Work required: Repeat the entries that appear below, exactly as they are given.

Data provided:
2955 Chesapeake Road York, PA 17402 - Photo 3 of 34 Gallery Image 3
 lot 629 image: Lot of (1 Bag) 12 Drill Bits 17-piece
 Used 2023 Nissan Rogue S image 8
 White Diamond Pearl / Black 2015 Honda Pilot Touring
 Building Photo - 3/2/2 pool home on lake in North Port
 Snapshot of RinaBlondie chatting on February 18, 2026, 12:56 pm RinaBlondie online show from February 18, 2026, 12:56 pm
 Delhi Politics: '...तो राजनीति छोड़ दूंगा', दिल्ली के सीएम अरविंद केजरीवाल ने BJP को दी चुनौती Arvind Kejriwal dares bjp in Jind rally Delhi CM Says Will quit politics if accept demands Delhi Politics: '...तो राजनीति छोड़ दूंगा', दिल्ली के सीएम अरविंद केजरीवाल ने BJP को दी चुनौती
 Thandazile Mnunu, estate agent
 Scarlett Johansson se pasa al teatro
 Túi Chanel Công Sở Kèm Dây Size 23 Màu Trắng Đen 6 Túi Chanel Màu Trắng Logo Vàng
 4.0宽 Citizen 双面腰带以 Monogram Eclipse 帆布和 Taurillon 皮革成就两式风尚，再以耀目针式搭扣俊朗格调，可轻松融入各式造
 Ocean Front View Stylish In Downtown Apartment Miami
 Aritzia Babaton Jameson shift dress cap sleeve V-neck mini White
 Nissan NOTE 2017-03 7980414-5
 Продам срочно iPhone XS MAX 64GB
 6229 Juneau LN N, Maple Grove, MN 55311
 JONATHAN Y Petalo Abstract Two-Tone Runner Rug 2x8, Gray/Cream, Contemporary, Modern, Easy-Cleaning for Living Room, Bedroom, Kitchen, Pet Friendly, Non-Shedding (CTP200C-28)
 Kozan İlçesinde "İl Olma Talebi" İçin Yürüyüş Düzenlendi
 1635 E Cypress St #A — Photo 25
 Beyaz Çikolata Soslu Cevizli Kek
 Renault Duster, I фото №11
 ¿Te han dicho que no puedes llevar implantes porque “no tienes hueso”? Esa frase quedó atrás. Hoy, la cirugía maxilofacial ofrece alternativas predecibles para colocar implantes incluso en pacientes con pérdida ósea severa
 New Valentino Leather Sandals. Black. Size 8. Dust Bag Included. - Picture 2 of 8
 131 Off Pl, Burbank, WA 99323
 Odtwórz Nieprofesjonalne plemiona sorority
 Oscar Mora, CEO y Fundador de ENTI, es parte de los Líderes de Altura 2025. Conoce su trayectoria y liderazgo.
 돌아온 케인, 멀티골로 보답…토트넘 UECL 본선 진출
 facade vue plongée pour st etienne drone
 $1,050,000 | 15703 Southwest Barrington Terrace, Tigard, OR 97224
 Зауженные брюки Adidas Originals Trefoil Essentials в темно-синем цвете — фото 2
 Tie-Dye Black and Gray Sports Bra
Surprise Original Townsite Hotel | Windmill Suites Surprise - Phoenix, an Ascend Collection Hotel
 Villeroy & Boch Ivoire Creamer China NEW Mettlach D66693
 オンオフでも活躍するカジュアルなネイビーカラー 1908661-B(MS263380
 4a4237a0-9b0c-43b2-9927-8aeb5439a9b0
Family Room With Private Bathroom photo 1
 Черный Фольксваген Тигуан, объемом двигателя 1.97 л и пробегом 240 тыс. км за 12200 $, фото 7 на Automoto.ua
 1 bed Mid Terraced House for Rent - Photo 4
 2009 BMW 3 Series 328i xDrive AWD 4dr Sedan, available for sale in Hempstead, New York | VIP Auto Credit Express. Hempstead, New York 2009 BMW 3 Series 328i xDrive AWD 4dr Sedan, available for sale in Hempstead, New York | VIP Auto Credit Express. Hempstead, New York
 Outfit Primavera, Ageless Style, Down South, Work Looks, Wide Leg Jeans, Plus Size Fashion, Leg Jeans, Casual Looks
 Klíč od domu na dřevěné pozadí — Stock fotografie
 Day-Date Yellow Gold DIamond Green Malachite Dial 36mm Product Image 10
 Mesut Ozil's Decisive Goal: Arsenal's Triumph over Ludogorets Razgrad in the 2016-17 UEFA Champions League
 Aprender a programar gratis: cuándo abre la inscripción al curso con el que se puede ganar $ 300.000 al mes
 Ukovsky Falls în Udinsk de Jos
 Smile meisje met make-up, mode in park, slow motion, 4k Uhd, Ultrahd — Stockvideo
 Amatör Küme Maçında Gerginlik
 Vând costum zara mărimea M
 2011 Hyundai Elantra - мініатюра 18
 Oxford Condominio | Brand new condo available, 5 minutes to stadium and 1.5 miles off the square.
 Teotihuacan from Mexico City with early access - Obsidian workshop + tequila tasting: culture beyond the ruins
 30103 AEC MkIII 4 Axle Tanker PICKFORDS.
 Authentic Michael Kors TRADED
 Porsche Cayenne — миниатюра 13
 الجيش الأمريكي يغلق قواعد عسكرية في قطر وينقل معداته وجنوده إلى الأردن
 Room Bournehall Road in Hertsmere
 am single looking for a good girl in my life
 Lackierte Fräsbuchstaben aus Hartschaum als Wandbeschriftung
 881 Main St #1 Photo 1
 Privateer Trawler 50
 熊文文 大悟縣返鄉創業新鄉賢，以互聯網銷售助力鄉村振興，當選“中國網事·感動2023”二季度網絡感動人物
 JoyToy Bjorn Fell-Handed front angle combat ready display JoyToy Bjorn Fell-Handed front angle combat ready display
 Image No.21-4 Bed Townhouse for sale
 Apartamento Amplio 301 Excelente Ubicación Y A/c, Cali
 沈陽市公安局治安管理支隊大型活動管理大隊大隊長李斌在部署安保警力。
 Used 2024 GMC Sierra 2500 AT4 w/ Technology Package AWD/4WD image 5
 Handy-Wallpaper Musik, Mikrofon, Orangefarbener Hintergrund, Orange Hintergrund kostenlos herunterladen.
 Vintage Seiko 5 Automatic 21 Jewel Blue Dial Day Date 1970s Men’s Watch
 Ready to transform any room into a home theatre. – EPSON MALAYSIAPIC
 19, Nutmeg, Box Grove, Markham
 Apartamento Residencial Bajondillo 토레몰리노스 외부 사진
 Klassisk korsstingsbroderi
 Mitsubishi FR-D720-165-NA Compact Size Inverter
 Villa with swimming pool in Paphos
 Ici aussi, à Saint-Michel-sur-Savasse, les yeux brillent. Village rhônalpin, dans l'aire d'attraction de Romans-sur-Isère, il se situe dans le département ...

Answer for this exercise:
2955 Chesapeake Road York, PA 17402 - Photo 3 of 34 Gallery Image 3
 lot 629 image: Lot of (1 Bag) 12 Drill Bits 17-piece
 Used 2023 Nissan Rogue S image 8
 White Diamond Pearl / Black 2015 Honda Pilot Touring
 Building Photo - 3/2/2 pool home on lake in North Port
 Snapshot of RinaBlondie chatting on February 18, 2026, 12:56 pm RinaBlondie online show from February 18, 2026, 12:56 pm
 Delhi Politics: '...तो राजनीति छोड़ दूंगा', दिल्ली के सीएम अरविंद केजरीवाल ने BJP को दी चुनौती Arvind Kejriwal dares bjp in Jind rally Delhi CM Says Will quit politics if accept demands Delhi Politics: '...तो राजनीति छोड़ दूंगा', दिल्ली के सीएम अरविंद केजरीवाल ने BJP को दी चुनौती
 Thandazile Mnunu, estate agent
 Scarlett Johansson se pasa al teatro
 Túi Chanel Công Sở Kèm Dây Size 23 Màu Trắng Đen 6 Túi Chanel Màu Trắng Logo Vàng
 4.0宽 Citizen 双面腰带以 Monogram Eclipse 帆布和 Taurillon 皮革成就两式风尚，再以耀目针式搭扣俊朗格调，可轻松融入各式造
 Ocean Front View Stylish In Downtown Apartment Miami
 Aritzia Babaton Jameson shift dress cap sleeve V-neck mini White
 Nissan NOTE 2017-03 7980414-5
 Продам срочно iPhone XS MAX 64GB
 6229 Juneau LN N, Maple Grove, MN 55311
 JONATHAN Y Petalo Abstract Two-Tone Runner Rug 2x8, Gray/Cream, Contemporary, Modern, Easy-Cleaning for Living Room, Bedroom, Kitchen, Pet Friendly, Non-Shedding (CTP200C-28)
 Kozan İlçesinde "İl Olma Talebi" İçin Yürüyüş Düzenlendi
 1635 E Cypress St #A — Photo 25
 Beyaz Çikolata Soslu Cevizli Kek
 Renault Duster, I фото №11
 ¿Te han dicho que no puedes llevar implantes porque “no tienes hueso”? Esa frase quedó atrás. Hoy, la cirugía maxilofacial ofrece alternativas predecibles para colocar implantes incluso en pacientes con pérdida ósea severa
 New Valentino Leather Sandals. Black. Size 8. Dust Bag Included. - Picture 2 of 8
 131 Off Pl, Burbank, WA 99323
 Odtwórz Nieprofesjonalne plemiona sorority
 Oscar Mora, CEO y Fundador de ENTI, es parte de los Líderes de Altura 2025. Conoce su trayectoria y liderazgo.
 돌아온 케인, 멀티골로 보답…토트넘 UECL 본선 진출
 facade vue plongée pour st etienne drone
 $1,050,000 | 15703 Southwest Barrington Terrace, Tigard, OR 97224
 Зауженные брюки Adidas Originals Trefoil Essentials в темно-синем цвете — фото 2
 Tie-Dye Black and Gray Sports Bra
Surprise Original Townsite Hotel | Windmill Suites Surprise - Phoenix, an Ascend Collection Hotel
 Villeroy & Boch Ivoire Creamer China NEW Mettlach D66693
 オンオフでも活躍するカジュアルなネイビーカラー 1908661-B(MS263380
 4a4237a0-9b0c-43b2-9927-8aeb5439a9b0
Family Room With Private Bathroom photo 1
 Черный Фольксваген Тигуан, объемом двигателя 1.97 л и пробегом 240 тыс. км за 12200 $, фото 7 на Automoto.ua
 1 bed Mid Terraced House for Rent - Photo 4
 2009 BMW 3 Series 328i xDrive AWD 4dr Sedan, available for sale in Hempstead, New York | VIP Auto Credit Express. Hempstead, New York 2009 BMW 3 Series 328i xDrive AWD 4dr Sedan, available for sale in Hempstead, New York | VIP Auto Credit Express. Hempstead, New York
 Outfit Primavera, Ageless Style, Down South, Work Looks, Wide Leg Jeans, Plus Size Fashion, Leg Jeans, Casual Looks
 Klíč od domu na dřevěné pozadí — Stock fotografie
 Day-Date Yellow Gold DIamond Green Malachite Dial 36mm Product Image 10
 Mesut Ozil's Decisive Goal: Arsenal's Triumph over Ludogorets Razgrad in the 2016-17 UEFA Champions League
 Aprender a programar gratis: cuándo abre la inscripción al curso con el que se puede ganar $ 300.000 al mes
 Ukovsky Falls în Udinsk de Jos
 Smile meisje met make-up, mode in park, slow motion, 4k Uhd, Ultrahd — Stockvideo
 Amatör Küme Maçında Gerginlik
 Vând costum zara mărimea M
 2011 Hyundai Elantra - мініатюра 18
 Oxford Condominio | Brand new condo available, 5 minutes to stadium and 1.5 miles off the square.
 Teotihuacan from Mexico City with early access - Obsidian workshop + tequila tasting: culture beyond the ruins
 30103 AEC MkIII 4 Axle Tanker PICKFORDS.
 Authentic Michael Kors TRADED
 Porsche Cayenne — миниатюра 13
 الجيش الأمريكي يغلق قواعد عسكرية في قطر وينقل معداته وجنوده إلى الأردن
 Room Bournehall Road in Hertsmere
 am single looking for a good girl in my life
 Lackierte Fräsbuchstaben aus Hartschaum als Wandbeschriftung
 881 Main St #1 Photo 1
 Privateer Trawler 50
 熊文文 大悟縣返鄉創業新鄉賢，以互聯網銷售助力鄉村振興，當選“中國網事·感動2023”二季度網絡感動人物
 JoyToy Bjorn Fell-Handed front angle combat ready display JoyToy Bjorn Fell-Handed front angle combat ready display
 Image No.21-4 Bed Townhouse for sale
 Apartamento Amplio 301 Excelente Ubicación Y A/c, Cali
 沈陽市公安局治安管理支隊大型活動管理大隊大隊長李斌在部署安保警力。
 Used 2024 GMC Sierra 2500 AT4 w/ Technology Package AWD/4WD image 5
 Handy-Wallpaper Musik, Mikrofon, Orangefarbener Hintergrund, Orange Hintergrund kostenlos herunterladen.
 Vintage Seiko 5 Automatic 21 Jewel Blue Dial Day Date 1970s Men’s Watch
 Ready to transform any room into a home theatre. – EPSON MALAYSIAPIC
 19, Nutmeg, Box Grove, Markham
 Apartamento Residencial Bajondillo 토레몰리노스 외부 사진
 Klassisk korsstingsbroderi
 Mitsubishi FR-D720-165-NA Compact Size Inverter
 Villa with swimming pool in Paphos
 Ici aussi, à Saint-Michel-sur-Savasse, les yeux brillent. Village rhônalpin, dans l'aire d'attraction de Romans-sur-Isère, il se situe dans le département ...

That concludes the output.